56

I'm working on improving a CMS where the current implementation of storing password is just sha1(password). I explained to my boss that doing it that way is incredibly insecure, and told him that we should switch to bcrypt, and he agreed.

My plan was to just run all the existing hashes through bcrypt and store those in the password field, and then use the following psudo-code to check the password: correctPassword = bcrypt_verify(password, storedHash) or bcrypt_verify(sha1(password), storedHash).

This way, new users, or users who change their passwords will get "real" bcrypt hashes, while existing users won't all have to change their passwords. Are there any disadvantages to doing this? While it would probably be ideal to ask all users to choose a new password, do we lose much in the way of security by doing this?

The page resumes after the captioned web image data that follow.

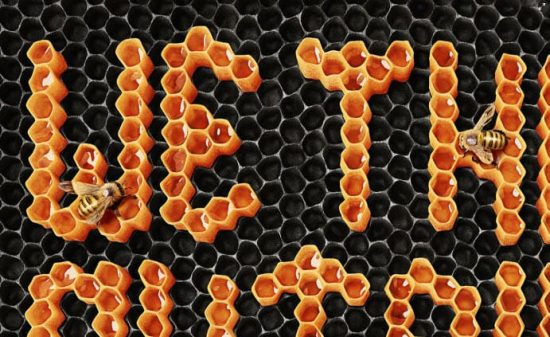 typography-blendr-63-5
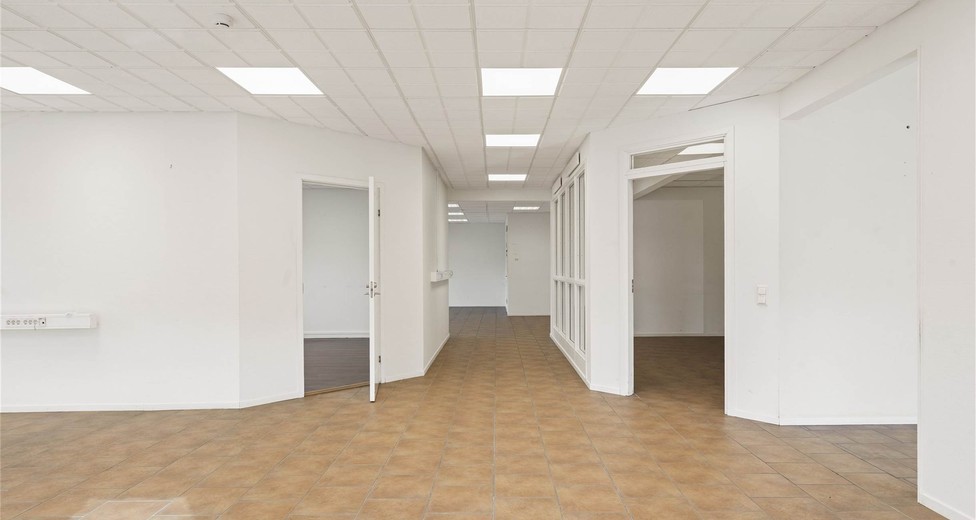 Edvard Berlingsgatan 7
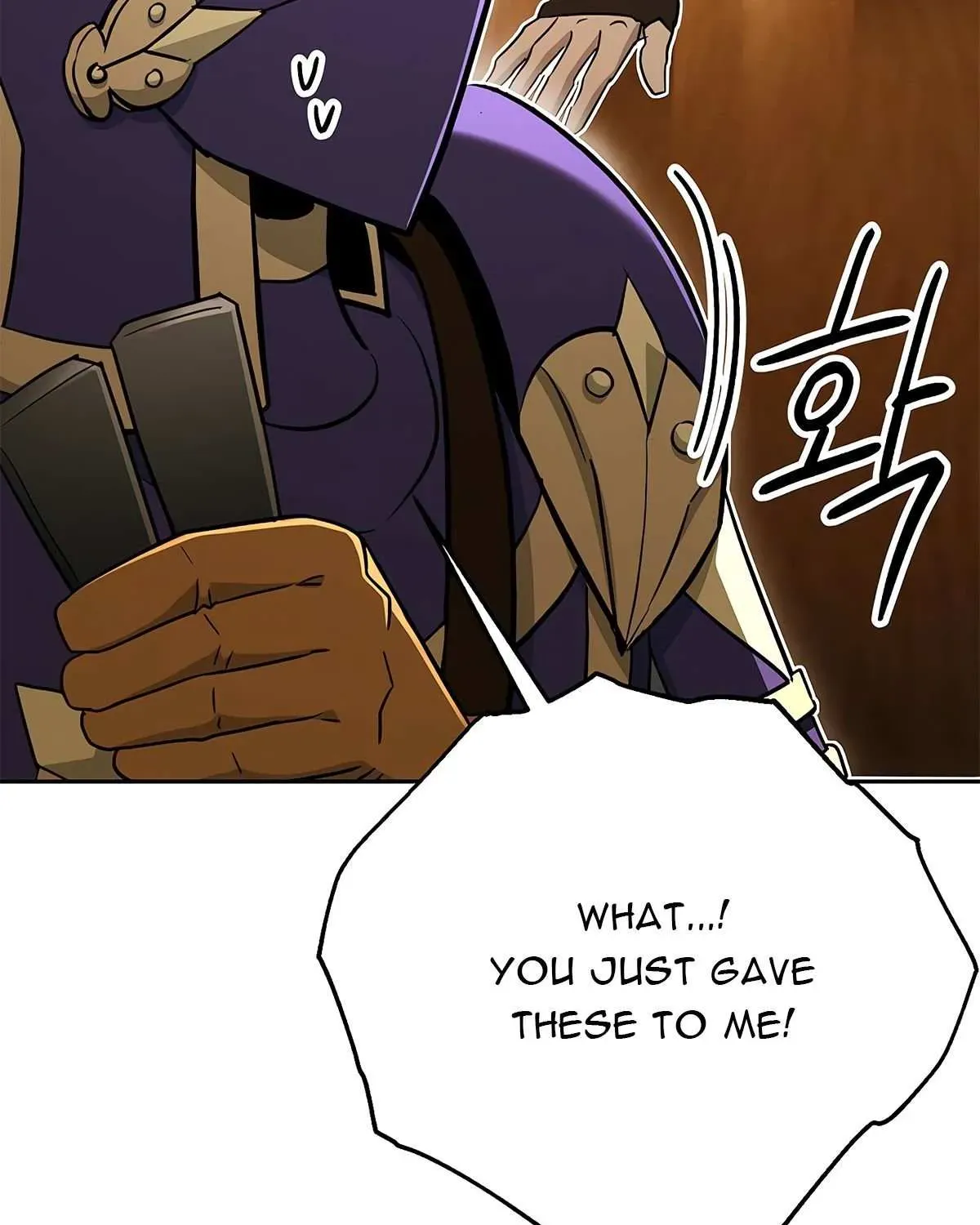 Read Skeleton Soldier chapter 117 image 177 on Lezhin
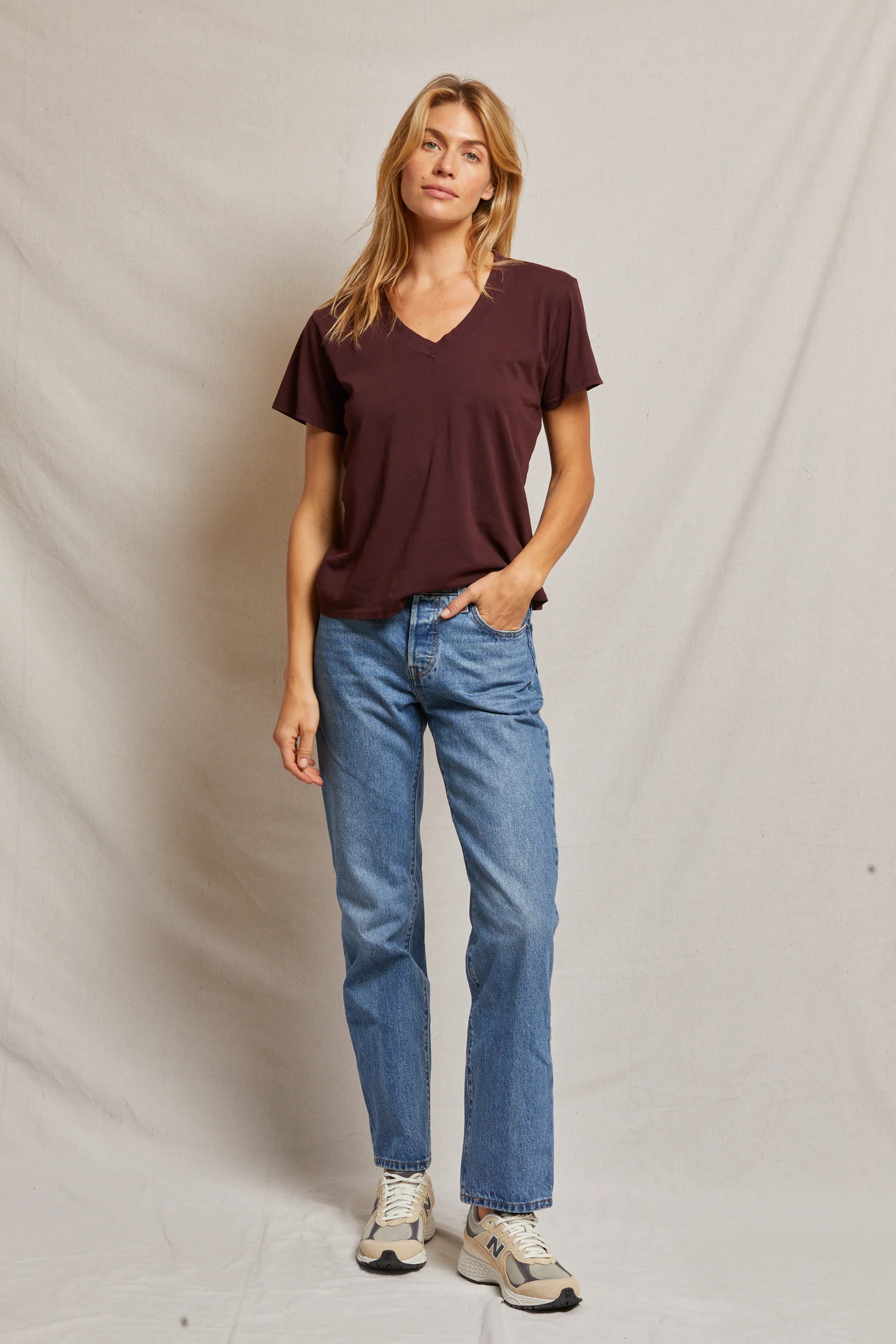 Product image 189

I was thinking that even if an attacker got access to both the database and the code, cracking won't be substantially faster even if the majority of the "input" to bcrypt was a 40 character hex string, since the slow part (bcrypt_verify()) still has to be invoked for each password attempt on each user.

Alex
  • 709
  • 5
  • 7
  • 38
    As a sidetought: the system could automatically change the hash the next time the user logs in, so if the bcrypt_verify(sha1(password), storedHash) matches then you store the new (not sha1'ed) password as the new hash. This will over time change all users to the new hash, so should some weakness be found in the usage of bcrypt and sha1 together (unlikely but always possible) then there is only a relative short window of attack. – Selenog Oct 22 '15 at 09:40
  • 4
    @Selenog That's a brilliant technique for doing transparent migration! I'm definitely going to do that. Thanks for the idea! – Alex Oct 22 '15 at 12:08
  • 32
    From what little I know of him, I like your boss. ;) – jpmc26 Oct 22 '15 at 13:21
  • 3
    FYI, you should probably add a salt while you're at it. – Ajedi32 Oct 22 '15 at 20:46
  • As a side note, I asked [this question on SO](http://stackoverflow.com/q/23987734/404623) about 16 months ago regarding the implementation of a solution for this issue. – rink.attendant.6 Oct 23 '15 at 01:12
  • 2
    @Ajedi32, many bcrypt implementations supply a salt by default, and I think the algorithm actually requires a salt. Of course, it is worthwhile verifying that the implementation doesn't use a _static_ salt. – Soron Oct 23 '15 at 04:40
  • 1
    bcrypt is based on blowfish. The original blowfish algorithm is over 20 years old, so it should be no surprise that it is known to have weaknesses. As long as 7 years ago, various experts were saying it should no longer be used. Personally, I would recommend something like what @Selenog recommended above, but using the newly adopted sha3 algorithm. That approach would be compliant with NIST guidance and probably be viable for a long time. – JaimeCastells Oct 26 '15 at 21:34

5 Answers5

78

Actually this is a good way to protect the otherwise unsecurely stored passwords. There is one weak point in this scheme though, which can be overcome easily in marking old hashes, so I would prefer this solution:

if (checkIfDoubleHash(storedHash))
  correctPassword = bcrypt_verify(sha1(password), storedHash)
else
  correctPassword = bcrypt_verify(password, storedHash)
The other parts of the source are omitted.